- **Task brief**: Look below for the line containing "Emibig Nokia ronde". Reproduce it and every line after it exactly, and nothing more.

- **Entries taken from a collection**:
☆ ☆ ☆ ☆

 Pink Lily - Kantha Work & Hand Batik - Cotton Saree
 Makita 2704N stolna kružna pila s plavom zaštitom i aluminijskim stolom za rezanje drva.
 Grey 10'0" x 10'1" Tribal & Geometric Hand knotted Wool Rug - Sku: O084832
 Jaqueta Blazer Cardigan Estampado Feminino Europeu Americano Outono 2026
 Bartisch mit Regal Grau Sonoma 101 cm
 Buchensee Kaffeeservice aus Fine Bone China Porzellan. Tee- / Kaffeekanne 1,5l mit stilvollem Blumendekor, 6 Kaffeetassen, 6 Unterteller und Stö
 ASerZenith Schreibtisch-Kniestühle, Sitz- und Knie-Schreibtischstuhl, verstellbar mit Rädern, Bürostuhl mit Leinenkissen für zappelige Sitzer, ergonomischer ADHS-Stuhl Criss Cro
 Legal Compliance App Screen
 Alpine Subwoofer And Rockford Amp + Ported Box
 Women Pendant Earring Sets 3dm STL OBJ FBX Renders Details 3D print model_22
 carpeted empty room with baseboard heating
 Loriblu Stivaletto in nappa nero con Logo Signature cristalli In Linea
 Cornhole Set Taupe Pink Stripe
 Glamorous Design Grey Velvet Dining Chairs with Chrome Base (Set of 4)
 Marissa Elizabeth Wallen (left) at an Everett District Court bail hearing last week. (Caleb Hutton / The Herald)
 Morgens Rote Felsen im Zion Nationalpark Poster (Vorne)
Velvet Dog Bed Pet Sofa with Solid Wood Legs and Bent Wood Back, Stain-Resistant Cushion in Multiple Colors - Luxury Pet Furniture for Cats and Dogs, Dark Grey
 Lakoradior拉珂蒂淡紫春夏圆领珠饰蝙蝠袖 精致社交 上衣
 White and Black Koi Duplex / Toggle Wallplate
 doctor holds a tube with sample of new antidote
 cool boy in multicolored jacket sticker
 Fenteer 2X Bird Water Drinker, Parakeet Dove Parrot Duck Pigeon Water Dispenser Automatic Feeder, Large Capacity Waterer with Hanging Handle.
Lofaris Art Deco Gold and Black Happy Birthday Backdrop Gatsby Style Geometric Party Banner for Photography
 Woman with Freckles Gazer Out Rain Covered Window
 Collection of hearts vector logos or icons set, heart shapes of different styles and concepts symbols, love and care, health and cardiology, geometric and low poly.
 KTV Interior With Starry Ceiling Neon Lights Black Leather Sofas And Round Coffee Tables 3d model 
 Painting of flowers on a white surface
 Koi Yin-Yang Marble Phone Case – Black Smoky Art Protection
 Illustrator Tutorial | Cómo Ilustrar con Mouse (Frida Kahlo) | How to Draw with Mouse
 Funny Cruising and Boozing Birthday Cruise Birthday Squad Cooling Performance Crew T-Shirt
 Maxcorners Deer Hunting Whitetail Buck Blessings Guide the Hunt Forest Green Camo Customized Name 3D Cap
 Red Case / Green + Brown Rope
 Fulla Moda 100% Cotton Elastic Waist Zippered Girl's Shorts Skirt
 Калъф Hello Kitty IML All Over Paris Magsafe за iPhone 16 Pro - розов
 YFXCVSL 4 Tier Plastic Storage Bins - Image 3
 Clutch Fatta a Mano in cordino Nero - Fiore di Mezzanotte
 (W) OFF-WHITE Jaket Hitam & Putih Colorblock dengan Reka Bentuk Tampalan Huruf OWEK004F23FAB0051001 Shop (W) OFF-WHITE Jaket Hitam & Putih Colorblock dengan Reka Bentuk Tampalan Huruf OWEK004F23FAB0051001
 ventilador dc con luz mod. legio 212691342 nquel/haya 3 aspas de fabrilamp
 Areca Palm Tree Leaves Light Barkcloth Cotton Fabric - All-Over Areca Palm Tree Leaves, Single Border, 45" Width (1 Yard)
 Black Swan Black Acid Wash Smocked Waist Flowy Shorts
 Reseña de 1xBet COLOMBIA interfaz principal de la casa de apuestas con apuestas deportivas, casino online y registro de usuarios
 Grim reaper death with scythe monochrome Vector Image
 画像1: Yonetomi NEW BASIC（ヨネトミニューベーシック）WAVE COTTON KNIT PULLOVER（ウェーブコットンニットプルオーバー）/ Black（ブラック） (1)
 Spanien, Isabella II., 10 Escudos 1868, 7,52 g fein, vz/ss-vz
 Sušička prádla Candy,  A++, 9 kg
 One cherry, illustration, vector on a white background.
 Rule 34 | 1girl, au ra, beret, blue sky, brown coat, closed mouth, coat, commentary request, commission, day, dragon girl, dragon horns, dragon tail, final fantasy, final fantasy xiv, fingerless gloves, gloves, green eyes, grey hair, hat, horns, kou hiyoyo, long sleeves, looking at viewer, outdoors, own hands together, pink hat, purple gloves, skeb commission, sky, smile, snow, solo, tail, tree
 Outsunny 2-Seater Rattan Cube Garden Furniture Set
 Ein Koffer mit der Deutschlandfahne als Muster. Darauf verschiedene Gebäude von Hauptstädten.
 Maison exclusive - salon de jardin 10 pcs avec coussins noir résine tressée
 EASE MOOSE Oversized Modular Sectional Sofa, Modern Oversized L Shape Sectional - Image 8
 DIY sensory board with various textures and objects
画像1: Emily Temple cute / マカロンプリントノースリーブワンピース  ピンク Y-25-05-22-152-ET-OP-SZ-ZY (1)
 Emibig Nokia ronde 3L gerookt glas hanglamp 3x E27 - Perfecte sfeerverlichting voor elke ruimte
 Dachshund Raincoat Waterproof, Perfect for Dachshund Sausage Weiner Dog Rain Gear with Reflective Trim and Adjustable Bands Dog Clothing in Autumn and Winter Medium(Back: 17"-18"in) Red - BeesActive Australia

☆ ☆ ☆ ☆

- **Exercise output**:
 Emibig Nokia ronde 3L gerookt glas hanglamp 3x E27 - Perfecte sfeerverlichting voor elke ruimte
 Dachshund Raincoat Waterproof, Perfect for Dachshund Sausage Weiner Dog Rain Gear with Reflective Trim and Adjustable Bands Dog Clothing in Autumn and Winter Medium(Back: 17"-18"in) Red - BeesActive Australia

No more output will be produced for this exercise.